The Oakland A’s have signed free agent RHP Yusmeiro Petit, reports Ken Rosenthal of The Athletic. The contract, which is still pending Petit passing a physical, is for two years and $10 million, with Rosenthal noting the following breakdown:
2019 team option: $5.5M, or $1M buyout
Petit has had some solid years in the bigs, pitching as both a starter and reliever in his 10-year career. That versatility will help an A’s club that is still figuring out its young pitching staff. He enjoyed a career year with the Angels in 2017, including a rate of 10 K/9, and along the way he led all MLB relievers with 87⅓ innings pitched. His overall numbers are below, in 60 games (59 relief, 1 start).
Petit, 2017: 2.76 ERA, 91⅓ ip, 101 Ks, 18 BB, 9 HR, 69 hits, 2.85 FIP
Also: Converted 19-of-20 save/hold chances
Petit turned 33 years old last week.
Fairly low risk for something the A’s desperately need. I like it!
Petit had a wonderful 2017 season, putting up a 2.76 ERA over 91⅓ innings pitched. Any team can use a pitcher with those kind of numbers, and for $5 million you’ve got yourself a potential steal of a deal.
Why might Petit be so cheap? He’s not your classic flame throwing relief ace, and while he’s had a solid career his 2017 was far better than his previous years. It’s not guaranteed the A’s are in for another year of a stud reliever with a sub-3 ERA.
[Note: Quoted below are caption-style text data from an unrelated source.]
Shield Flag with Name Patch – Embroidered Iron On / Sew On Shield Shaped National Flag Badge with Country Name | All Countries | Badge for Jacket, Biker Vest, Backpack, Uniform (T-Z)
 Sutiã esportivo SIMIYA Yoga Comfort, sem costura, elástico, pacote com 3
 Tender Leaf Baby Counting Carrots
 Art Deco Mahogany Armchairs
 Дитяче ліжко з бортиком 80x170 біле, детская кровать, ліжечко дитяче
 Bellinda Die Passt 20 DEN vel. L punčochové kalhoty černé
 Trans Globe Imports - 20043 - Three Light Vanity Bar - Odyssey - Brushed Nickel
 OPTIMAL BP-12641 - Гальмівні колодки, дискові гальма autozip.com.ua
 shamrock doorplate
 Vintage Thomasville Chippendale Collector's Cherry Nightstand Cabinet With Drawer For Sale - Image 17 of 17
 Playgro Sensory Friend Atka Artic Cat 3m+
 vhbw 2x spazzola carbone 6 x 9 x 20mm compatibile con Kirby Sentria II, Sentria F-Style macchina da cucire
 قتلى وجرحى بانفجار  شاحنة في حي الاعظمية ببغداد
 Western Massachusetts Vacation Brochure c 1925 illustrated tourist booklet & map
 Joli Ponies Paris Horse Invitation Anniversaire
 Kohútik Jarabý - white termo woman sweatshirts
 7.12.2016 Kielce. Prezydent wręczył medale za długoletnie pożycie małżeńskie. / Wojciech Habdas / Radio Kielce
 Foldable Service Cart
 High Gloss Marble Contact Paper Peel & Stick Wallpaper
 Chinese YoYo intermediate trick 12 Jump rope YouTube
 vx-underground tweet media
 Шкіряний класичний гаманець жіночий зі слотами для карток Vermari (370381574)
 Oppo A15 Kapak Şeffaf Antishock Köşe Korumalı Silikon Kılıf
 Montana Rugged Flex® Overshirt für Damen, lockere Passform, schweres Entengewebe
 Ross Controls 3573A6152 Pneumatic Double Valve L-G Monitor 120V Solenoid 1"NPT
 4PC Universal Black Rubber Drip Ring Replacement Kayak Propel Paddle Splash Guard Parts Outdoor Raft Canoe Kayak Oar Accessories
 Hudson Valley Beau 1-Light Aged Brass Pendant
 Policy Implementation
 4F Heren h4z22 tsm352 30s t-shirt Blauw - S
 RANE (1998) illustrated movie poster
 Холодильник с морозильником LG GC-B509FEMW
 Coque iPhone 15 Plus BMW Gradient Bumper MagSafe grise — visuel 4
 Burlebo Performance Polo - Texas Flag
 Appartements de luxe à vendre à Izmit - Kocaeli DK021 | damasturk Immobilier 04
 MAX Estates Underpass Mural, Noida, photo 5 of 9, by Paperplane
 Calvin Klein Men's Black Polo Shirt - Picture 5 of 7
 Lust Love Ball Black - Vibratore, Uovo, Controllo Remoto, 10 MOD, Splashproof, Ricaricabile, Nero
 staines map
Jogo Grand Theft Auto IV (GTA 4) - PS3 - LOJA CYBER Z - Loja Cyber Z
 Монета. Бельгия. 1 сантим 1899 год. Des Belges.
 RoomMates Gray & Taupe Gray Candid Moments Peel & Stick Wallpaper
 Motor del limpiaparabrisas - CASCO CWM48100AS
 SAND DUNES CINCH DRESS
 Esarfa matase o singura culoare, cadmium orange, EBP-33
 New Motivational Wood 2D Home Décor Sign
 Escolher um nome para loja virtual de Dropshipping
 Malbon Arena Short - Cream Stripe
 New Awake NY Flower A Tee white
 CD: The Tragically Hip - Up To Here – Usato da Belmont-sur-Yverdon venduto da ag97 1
However, Petit is a good signing even if he falls short of his fabulous 2017. His versatility is perfect for a team with a young pitching staff, one that will need some important innings eaten over the long season. Petit can start, he can throw three high leverage innings late in the game, or he can come in for a few tough outs late in a tight ballgame.
After trading for Emilio Pagan, the A’s now have two multi-inning guys who are capable of coming into the game in the seventh or eighth inning and carrying the team to victory like has been the trend of the past few seasons. That’s big, and if Petit is anything near what he was in 2017, the A’s have taken a big step at shoring up their previously lacking pen. There’s still work to be done, but they’re off to a good start this offseason.
One final note that you can file under Baseball Fandom Isn’t Rational. We all hate $10 million contracts: Jim Johnson, Ben Sheets, Billy Butler. Does the curse of the ten million dollar contracts extend to two-year deals? I’ll call John Axford and ask.